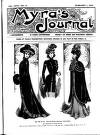 Myra's Journal of Dress and Fashion Thursday 01 February 1900 Page 8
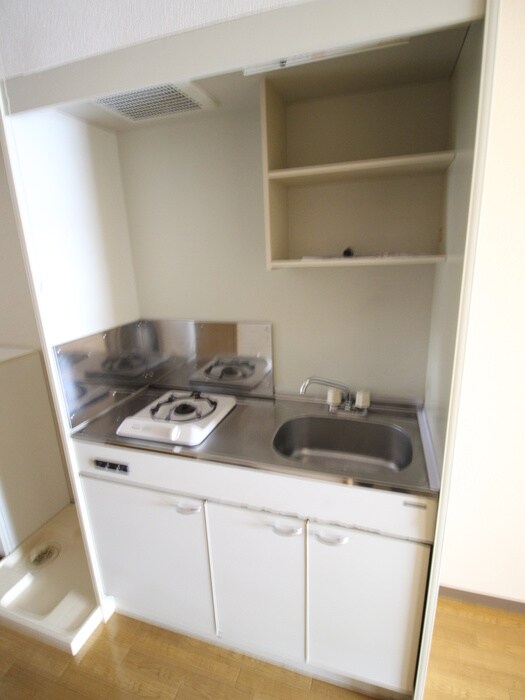 シティハイツ４１の物件内観写真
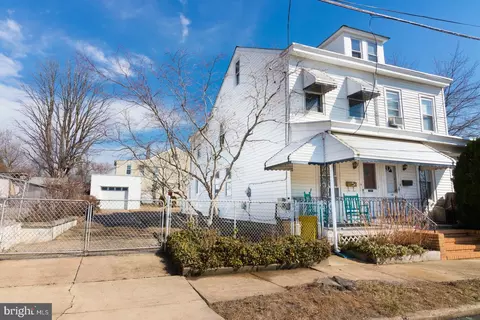 604 Cherry St, Trenton, NJ 08638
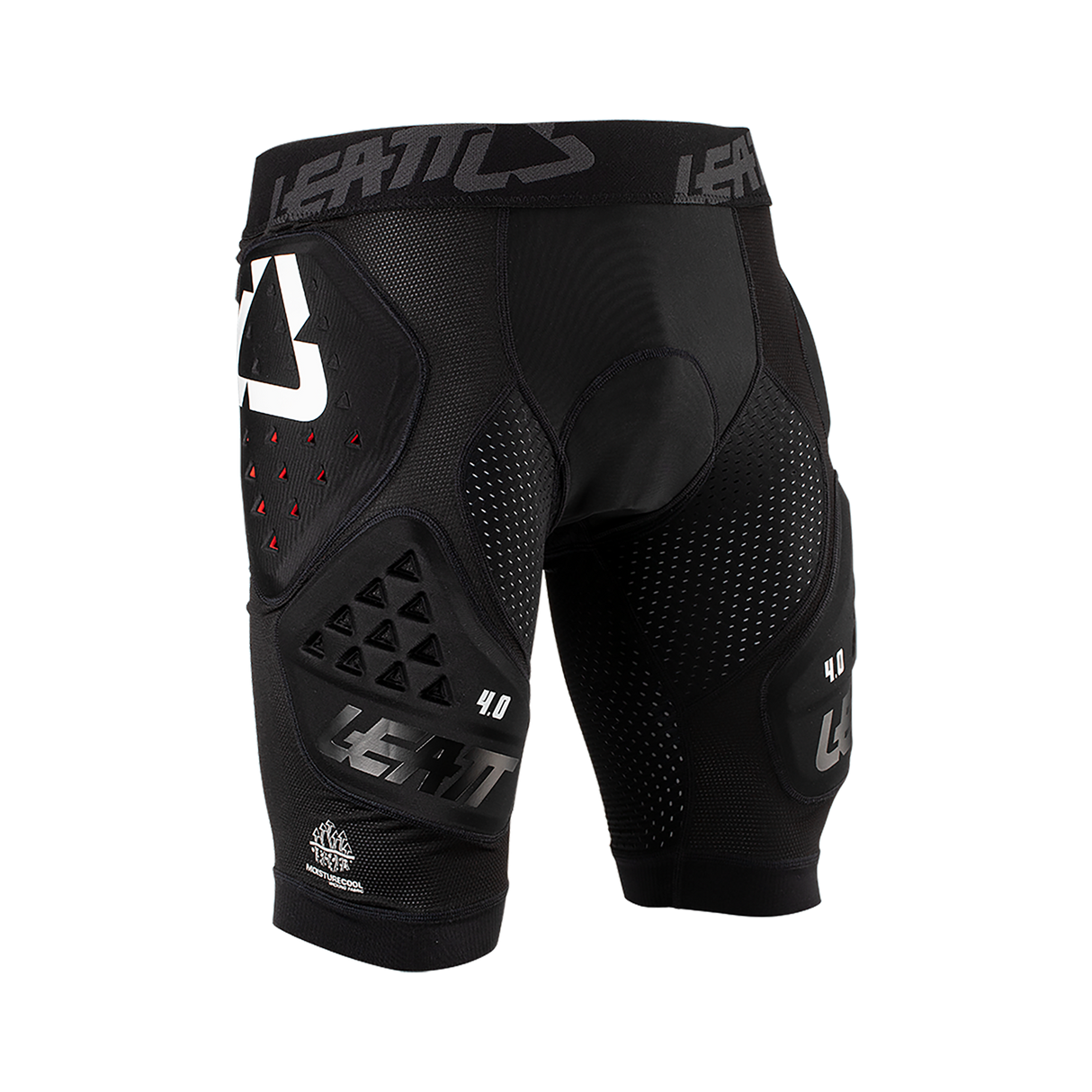 מכנס מגן MTB 3DF 4.0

——

§ Work to complete: For this copy, leave pictures out and reproduce the lines from the one bearing "604 Cherry St, Trenton, NJ 08638" through the final line of the listing above, both ends included.

§ Response to this task:
 604 Cherry St, Trenton, NJ 08638
 מכנס מגן MTB 3DF 4.0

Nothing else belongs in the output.